WHY WALLACE WON'T BE STARTING
- Wallace just hasn't been around long enough to be thrown into the fire. Yes, he's picking up the playbook quickly, and yes, he's been impressive in practice, but he has only been on campus since summer. Inexperience often leads to mistakes, and Wallace is about as inexperienced as they come. It's simply too soon to ask him to play against SEC-caliber competition.
- Frazier really is the man. Since he signed with Auburn in 2011, Frazier has always been expected to be the starter in 2012. He has shown some inconsistency during fall camp, but he is a great talent and has show just how good he can be in the last few weeks of practice. Frazier has done a great job of becoming the leader of the offense, and he has earned the trust and respect of his teammates and coaches. Chizik is just allowing the competition to continue so Frazier doesn't get complacent or lose focus.
- Even a couple of weeks ago, individuals close to the program were saying that the competition was over. Whatever reasons Chizik has for not releasing his starter to the public, the team knows that Frazier is its quarterback.
- Come on, Frazier was a five-star recruit, he showed excellent ability to carry the ball in 2011, he's 6-foot-2, 226 pounds, and his arm has been described by wide receiver Emory Blake as stronger than Cam Newton's. He's the complete package; he must be the starter. But then again ...
- It's not like Wallace is tiny. He's 6-2, 197 and will continue to put on weight. He knows how to carry the ball -- 891 yards and 28 touchdowns on the ground during his senior season at Central High prove that. Wallace has the build and skill set to be every bit the duel-threat quarterback that Frazier is.
- Considering the circumstances of his recruitment, Loeffler must love him. Wallace flipped to Auburn on Signing Day in February a few days after Loeffler took over as Auburn's OC. Loeffler has a great track record with quarterbacks, and if it took him just a few days of looking at Wallace to be convinced that Auburn needed to go after the then-UCF commit, he must have seen something special.
- Because Wallace's signing was Loeffler's first real contribution to the program, he is likely favored as something of a pet project. There is no way Loeffler would admit it or show any biased feelings, but he could be rooting for Wallace, and the more Wallace improves, the more Loeffler will push him to raise his level of play. If Wallace continues to respond to that push, Loeffler's favoritism may push the freshman all the way into the first-team offense.
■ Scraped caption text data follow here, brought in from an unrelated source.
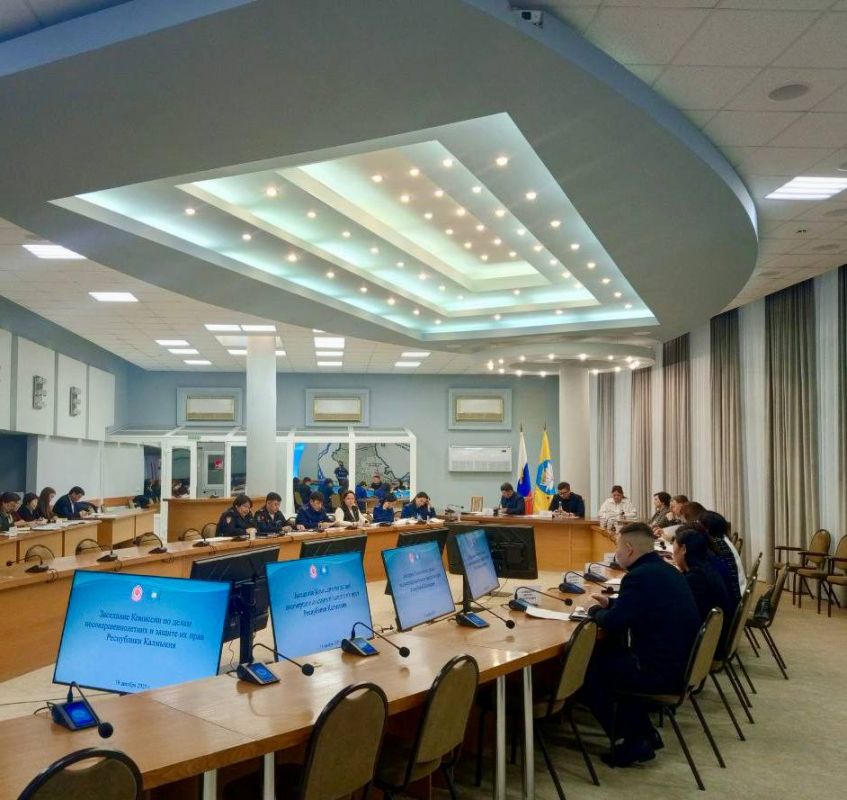 Участие прокуратуры республики в работе Республиканской Комиссии по делам несовершеннолетних и защите их прав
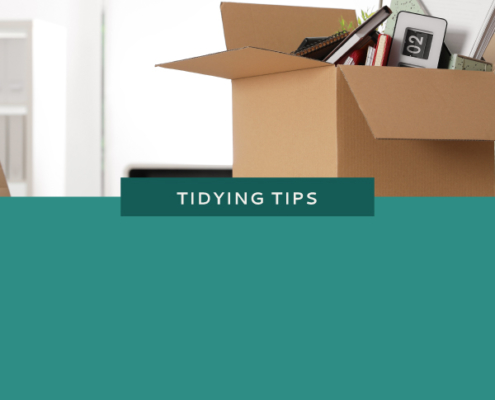 Feature: Tidying Up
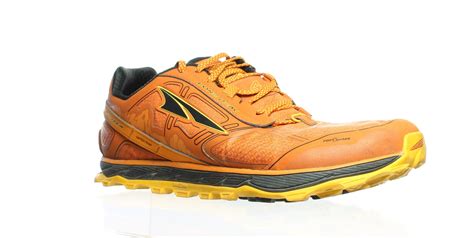 Altra Mens Lone Peak 4 Burnt Orange Hiking Shoes Size 11.5 (1463776) | eBay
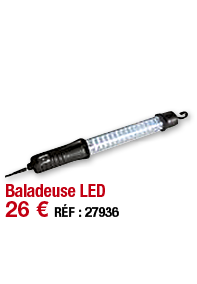 Baladeuse LED   26   RÉF : 27936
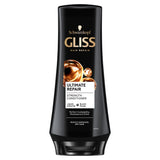 Schwarzkopf Gliss Ultimate Repair Hajerősítő Kondicionáló 200 ml – Intenzív Regenerálás Nagyon Sérült és Töredezett Hajra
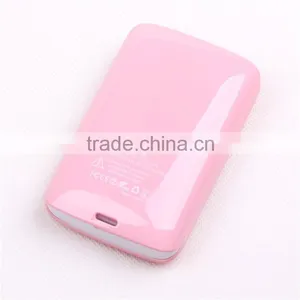 2016 New Product 2A Input Fast Charging Power Bank 7800mAh With CE FCC RoHS thumbnail-4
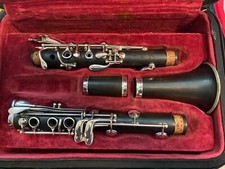 Schreiber Bb Clarinet W 6025 Grenadilla Wood with mouthpiece and ligature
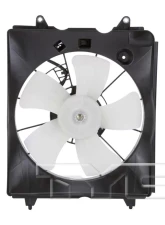 TYC Genera Engine Cooling Fan Assembly Honda CR-V Left 2010-2016                                     - 601330 - Image 4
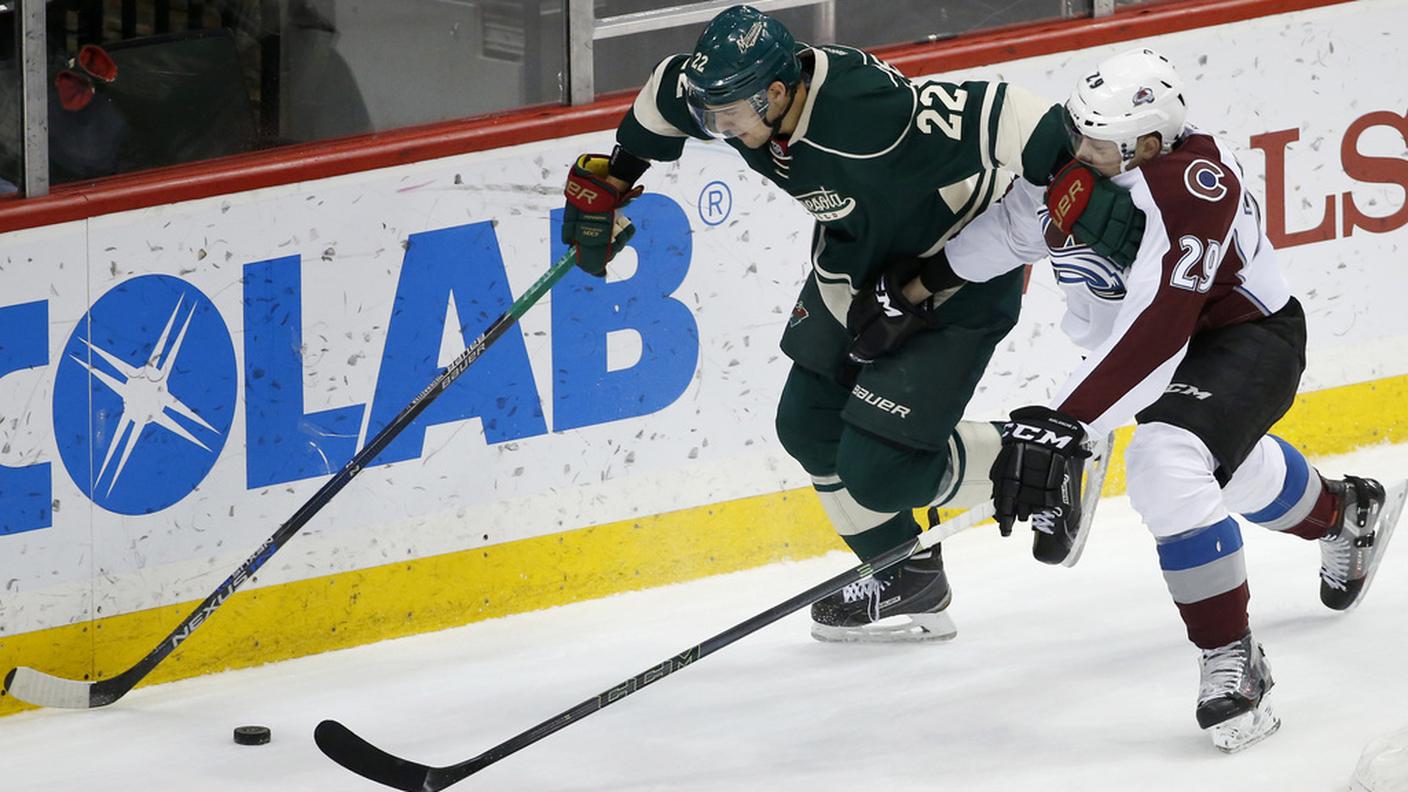 El Nino contrastato da Nathan MacKinnon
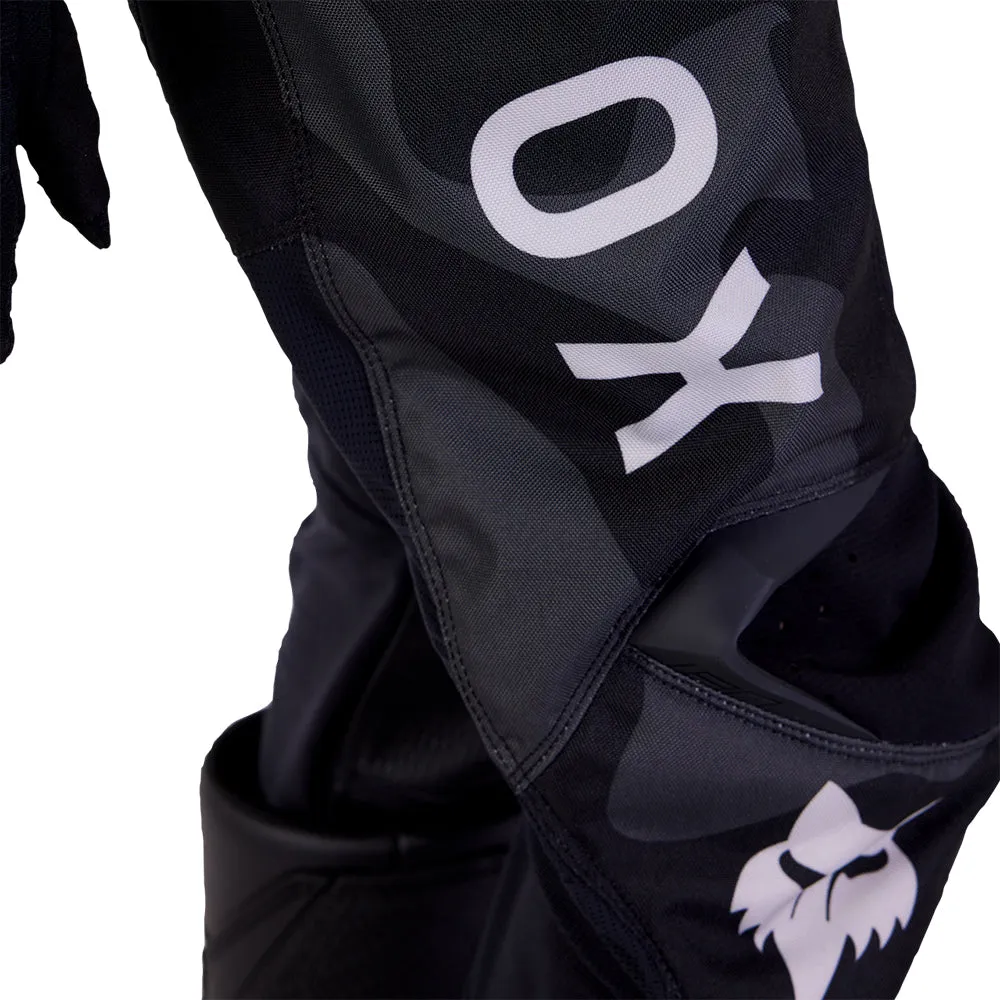 FOX YOUTH 180 BNKR PANTS [BLACK CAMO]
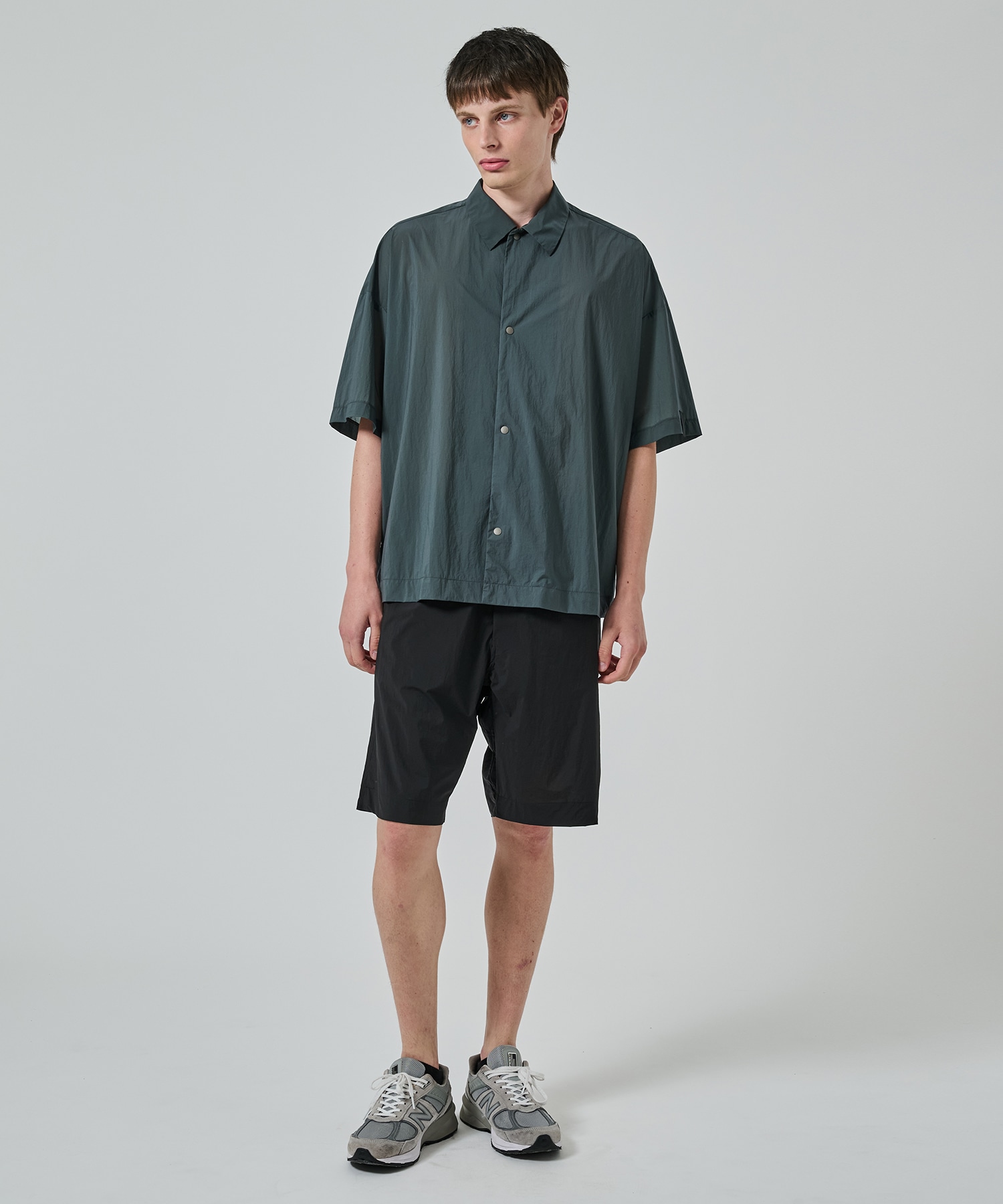 2251-CP51-005 WEBBING BELT HALF PANTS N.HOOLYWOOD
- Frazier might not be ready to start. He can be a great leader, and he can have a strong arm, but if Frazier struggles with fundamentals, Chizik will hesitate to put him in charge of the offense. Frazier admitted that former OC Gus Malzahn never taught him proper footwork or how to make reads, and the effects of that poor training could still be lingering. Frazier never looked comfortable on passing plays last season, and if he wants to start in 2012, he will have to show a much better understanding of the game going on around him.
- If a freshman is going to start, Loeffler's offense could protect him. Auburn will focus on the power running game, and the passing game will feature plenty of underneath throws to the tight ends. Loeffler wants to stretch the field with his receivers, but if the quarterback isn't ready to do that, the offense will be more conservative, and Auburn will rely much more on its defense.
- It wouldn't be the first time a quarterback working under Loeffler started as a freshman. When Loeffler was quarterbacks coach at Michigan, John Navarre and Chad Henne both achieved that honor. Navarre redshirted his first year in Ann Arbor, but Henne was a true freshman, and he went on to be named to the freshman All-American team in 2004.